At 0832 one gun of Baanga Point opened up on the Buchanan again. . . .

At 1030 one shore battery on Baanga Point opened fire again using the Buchanan as target. . . .

At 1315 single gun in Munda Point Area opened fire. . . . Buchanan. . . . poured 64 rounds into the immediate area. No guns from any sector were heard thereafter.

It is believed that a total of seven guns were silenced [by fire by Buchanan].14

The Gwin was hit in the engine room by a 4.7 inch projectile during the early Japanese salvos at about 0710. The Farenholt and the Jenkins in the Anti-Submarine Unit reported near-misses. The Buchanan continued to offer herself as a target until the troops were all landed.

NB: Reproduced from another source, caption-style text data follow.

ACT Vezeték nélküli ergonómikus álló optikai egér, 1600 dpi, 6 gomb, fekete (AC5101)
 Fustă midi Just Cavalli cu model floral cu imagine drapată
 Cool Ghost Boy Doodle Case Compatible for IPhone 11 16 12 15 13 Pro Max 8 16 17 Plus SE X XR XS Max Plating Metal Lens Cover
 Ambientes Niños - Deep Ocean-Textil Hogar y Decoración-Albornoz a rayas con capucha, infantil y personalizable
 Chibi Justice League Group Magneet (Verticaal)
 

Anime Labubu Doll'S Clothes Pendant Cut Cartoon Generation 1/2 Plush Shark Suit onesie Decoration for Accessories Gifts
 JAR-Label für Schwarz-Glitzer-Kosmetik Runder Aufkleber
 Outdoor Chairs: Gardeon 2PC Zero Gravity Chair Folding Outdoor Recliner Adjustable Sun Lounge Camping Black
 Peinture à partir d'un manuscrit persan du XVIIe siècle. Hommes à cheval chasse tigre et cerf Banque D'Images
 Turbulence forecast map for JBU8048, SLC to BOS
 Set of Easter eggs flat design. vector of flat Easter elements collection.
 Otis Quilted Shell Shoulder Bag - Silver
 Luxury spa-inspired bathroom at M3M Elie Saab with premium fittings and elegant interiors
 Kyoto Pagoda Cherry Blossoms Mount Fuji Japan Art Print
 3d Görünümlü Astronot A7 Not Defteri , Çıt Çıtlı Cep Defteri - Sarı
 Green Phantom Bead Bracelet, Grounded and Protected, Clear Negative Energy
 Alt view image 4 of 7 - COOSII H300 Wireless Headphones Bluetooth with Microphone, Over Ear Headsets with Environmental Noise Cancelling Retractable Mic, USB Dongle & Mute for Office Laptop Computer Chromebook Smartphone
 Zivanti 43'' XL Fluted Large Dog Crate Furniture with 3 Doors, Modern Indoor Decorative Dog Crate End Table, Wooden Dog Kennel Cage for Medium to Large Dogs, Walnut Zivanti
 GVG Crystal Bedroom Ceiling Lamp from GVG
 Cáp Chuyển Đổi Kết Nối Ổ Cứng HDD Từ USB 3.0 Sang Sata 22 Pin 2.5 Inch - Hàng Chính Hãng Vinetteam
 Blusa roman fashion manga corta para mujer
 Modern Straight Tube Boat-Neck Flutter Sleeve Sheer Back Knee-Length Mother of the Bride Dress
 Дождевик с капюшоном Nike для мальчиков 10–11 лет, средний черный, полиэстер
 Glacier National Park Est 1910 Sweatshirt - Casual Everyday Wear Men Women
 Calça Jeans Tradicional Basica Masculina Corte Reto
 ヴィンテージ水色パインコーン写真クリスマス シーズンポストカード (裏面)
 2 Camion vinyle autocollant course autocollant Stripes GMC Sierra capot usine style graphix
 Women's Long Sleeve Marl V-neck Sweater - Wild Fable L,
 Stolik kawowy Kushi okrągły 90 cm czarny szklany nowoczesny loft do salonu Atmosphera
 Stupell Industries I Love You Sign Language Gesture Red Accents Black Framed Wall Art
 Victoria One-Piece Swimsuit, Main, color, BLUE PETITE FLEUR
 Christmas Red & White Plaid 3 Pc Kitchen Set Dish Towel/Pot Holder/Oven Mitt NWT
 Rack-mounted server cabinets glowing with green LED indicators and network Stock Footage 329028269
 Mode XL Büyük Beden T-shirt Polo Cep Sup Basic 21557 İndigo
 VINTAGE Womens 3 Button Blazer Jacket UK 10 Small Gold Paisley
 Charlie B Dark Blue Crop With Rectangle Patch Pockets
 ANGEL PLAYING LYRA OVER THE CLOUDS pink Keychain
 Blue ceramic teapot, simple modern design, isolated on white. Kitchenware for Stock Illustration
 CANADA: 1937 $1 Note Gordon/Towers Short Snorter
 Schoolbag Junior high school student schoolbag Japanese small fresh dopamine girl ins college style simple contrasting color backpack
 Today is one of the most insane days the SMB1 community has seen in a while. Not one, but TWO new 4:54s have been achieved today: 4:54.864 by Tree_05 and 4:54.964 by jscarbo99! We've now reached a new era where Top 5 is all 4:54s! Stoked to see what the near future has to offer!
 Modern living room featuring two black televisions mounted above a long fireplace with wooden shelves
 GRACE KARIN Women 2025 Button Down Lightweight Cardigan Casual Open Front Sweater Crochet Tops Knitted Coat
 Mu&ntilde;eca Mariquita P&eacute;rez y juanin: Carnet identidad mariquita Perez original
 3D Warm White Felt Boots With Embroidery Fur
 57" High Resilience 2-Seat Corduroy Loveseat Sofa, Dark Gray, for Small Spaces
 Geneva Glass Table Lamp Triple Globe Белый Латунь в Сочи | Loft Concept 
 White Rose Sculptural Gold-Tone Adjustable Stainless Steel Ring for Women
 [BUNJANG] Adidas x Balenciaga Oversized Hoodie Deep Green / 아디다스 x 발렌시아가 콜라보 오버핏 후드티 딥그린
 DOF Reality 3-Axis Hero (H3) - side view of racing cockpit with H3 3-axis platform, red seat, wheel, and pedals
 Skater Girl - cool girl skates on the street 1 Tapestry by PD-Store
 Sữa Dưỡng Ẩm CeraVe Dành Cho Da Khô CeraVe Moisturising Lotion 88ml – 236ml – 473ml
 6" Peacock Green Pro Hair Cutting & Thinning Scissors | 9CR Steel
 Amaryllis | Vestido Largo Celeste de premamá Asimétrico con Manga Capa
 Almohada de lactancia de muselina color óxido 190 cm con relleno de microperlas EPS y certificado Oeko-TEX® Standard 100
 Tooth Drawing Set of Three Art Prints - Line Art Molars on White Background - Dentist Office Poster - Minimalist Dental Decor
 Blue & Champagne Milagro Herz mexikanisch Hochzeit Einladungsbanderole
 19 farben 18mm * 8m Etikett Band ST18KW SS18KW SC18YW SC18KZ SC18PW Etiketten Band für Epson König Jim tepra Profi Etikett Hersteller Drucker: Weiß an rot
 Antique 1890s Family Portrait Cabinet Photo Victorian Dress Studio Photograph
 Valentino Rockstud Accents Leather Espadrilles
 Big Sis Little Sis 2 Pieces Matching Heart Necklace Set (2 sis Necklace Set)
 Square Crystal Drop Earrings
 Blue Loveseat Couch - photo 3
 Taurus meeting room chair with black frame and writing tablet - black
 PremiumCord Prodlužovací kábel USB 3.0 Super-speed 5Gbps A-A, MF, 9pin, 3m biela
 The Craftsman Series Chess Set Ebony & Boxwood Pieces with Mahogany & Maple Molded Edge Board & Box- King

Since Kundu Kundu Island is about two and a half miles south of Munda Point and only six miles from Renard Entrance to Rendova Harbor, the local Japanese officer controlling the guns rendered a major assist to TF 31 when he disclosed the presence of his guns to the destroyers. The 4.7-inch guns were silenced without taking real advantage of a good opportunity to shoot at much larger and nearly stationary targets--the large transports and cargo ships hove-to unloading off Renard Entrance to Rendova Harbor.

Western Force Air Defense

On D-Day, aircraft from TF 33 had three clashes with Japanese aircraft during which the defensive effort of these United States planes made a major contribution to the successful landing. During the eight hours covering the period from 0645 to 1445 on 30 June when the large transports were unloading troops and impedimenta in the Rendova area, the Japanese mounted only one ineffective air attack on the large transports. However, they did delay the unloading.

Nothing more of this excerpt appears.